▶ [Goal of the exercise]:
Below are the records. How many of their lines contain "Blue"? Give only the number.

[Records provided — start]

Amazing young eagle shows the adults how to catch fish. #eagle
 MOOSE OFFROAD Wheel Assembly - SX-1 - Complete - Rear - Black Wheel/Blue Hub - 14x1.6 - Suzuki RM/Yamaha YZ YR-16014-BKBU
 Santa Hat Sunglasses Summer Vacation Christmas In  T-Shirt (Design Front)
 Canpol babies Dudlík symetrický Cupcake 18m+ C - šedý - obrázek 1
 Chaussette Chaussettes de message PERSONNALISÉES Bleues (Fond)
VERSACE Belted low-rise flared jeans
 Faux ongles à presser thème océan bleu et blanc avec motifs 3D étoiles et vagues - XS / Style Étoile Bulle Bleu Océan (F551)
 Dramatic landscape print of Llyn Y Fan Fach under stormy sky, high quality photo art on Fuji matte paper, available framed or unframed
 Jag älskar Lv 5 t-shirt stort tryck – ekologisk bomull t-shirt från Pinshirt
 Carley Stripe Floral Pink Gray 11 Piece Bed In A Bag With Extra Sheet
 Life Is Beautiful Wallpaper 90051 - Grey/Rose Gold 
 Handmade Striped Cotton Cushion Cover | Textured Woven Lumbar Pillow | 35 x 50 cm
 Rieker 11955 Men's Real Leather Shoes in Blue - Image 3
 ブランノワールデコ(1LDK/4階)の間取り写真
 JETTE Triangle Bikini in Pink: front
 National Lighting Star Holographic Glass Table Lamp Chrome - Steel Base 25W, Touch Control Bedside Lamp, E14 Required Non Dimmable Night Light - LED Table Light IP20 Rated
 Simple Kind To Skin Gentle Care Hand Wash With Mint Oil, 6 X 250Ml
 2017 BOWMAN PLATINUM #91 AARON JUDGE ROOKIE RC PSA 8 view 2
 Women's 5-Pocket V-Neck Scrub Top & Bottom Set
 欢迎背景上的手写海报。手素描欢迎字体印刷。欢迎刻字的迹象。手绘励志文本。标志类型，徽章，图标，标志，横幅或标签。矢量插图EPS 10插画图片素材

[Records provided — finish]

▶ [Answer for the task]:
2